## What the task asks
The expected output is each line in the data below that includes the string "желтого".

## Data to examine
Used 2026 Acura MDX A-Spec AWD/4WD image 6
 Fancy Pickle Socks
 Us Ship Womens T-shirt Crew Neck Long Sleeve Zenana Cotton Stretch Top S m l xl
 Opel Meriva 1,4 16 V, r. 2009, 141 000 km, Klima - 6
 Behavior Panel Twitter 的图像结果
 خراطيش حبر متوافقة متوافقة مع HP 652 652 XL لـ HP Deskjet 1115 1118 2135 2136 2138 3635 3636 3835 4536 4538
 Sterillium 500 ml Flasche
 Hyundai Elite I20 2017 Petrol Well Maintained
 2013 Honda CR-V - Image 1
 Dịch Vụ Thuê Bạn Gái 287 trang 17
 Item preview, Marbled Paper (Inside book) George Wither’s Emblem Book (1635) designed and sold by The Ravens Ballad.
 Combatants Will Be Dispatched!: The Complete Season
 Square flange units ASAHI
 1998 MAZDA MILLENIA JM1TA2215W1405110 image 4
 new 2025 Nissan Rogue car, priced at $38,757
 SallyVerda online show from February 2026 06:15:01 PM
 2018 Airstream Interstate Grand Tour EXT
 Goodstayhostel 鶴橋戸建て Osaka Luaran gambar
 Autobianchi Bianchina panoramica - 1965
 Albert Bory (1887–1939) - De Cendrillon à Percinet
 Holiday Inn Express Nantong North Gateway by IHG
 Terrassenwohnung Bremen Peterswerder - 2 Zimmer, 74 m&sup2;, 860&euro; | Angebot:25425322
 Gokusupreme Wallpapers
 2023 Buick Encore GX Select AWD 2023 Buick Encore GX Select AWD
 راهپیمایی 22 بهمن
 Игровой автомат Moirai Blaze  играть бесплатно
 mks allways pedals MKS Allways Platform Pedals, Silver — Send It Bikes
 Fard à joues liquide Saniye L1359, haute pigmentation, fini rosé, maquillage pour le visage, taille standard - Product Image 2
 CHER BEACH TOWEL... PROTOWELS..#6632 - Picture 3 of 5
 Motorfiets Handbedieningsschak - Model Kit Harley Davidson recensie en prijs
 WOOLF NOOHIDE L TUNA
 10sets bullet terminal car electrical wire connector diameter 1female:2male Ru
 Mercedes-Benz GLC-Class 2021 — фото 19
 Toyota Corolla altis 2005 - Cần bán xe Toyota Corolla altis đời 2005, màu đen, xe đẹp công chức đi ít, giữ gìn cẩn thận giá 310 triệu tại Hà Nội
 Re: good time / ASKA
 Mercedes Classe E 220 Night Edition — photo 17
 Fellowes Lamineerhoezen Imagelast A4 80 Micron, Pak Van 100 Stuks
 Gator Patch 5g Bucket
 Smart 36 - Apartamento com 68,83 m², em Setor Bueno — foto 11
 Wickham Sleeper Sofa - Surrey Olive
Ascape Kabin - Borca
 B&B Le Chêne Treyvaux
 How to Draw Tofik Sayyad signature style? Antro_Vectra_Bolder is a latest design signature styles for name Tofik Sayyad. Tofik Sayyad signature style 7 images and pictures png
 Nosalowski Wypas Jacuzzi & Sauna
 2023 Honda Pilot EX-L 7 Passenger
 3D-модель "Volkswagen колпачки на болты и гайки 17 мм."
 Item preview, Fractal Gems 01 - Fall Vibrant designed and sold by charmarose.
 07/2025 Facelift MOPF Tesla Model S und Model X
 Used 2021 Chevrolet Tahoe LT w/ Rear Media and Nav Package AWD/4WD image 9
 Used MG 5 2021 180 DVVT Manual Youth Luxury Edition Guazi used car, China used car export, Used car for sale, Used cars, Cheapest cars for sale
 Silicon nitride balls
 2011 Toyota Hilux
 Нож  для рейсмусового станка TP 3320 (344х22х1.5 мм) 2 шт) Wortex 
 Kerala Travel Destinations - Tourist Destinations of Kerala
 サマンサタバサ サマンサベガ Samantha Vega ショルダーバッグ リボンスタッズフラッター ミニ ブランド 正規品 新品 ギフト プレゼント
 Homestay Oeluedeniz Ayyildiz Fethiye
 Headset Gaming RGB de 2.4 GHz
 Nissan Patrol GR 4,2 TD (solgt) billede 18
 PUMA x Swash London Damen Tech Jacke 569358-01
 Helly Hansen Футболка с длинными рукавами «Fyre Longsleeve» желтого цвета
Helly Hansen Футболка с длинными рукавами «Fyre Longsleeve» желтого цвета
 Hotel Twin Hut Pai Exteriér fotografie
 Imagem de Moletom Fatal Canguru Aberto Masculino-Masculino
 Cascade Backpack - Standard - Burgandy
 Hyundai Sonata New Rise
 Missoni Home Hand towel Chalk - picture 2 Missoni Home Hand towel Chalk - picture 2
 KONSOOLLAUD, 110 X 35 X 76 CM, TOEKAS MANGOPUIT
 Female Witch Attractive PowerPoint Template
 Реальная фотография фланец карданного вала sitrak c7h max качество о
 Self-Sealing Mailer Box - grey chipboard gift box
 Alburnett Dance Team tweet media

## Written response
 Helly Hansen Футболка с длинными рукавами «Fyre Longsleeve» желтого цвета
Helly Hansen Футболка с длинными рукавами «Fyre Longsleeve» желтого цвета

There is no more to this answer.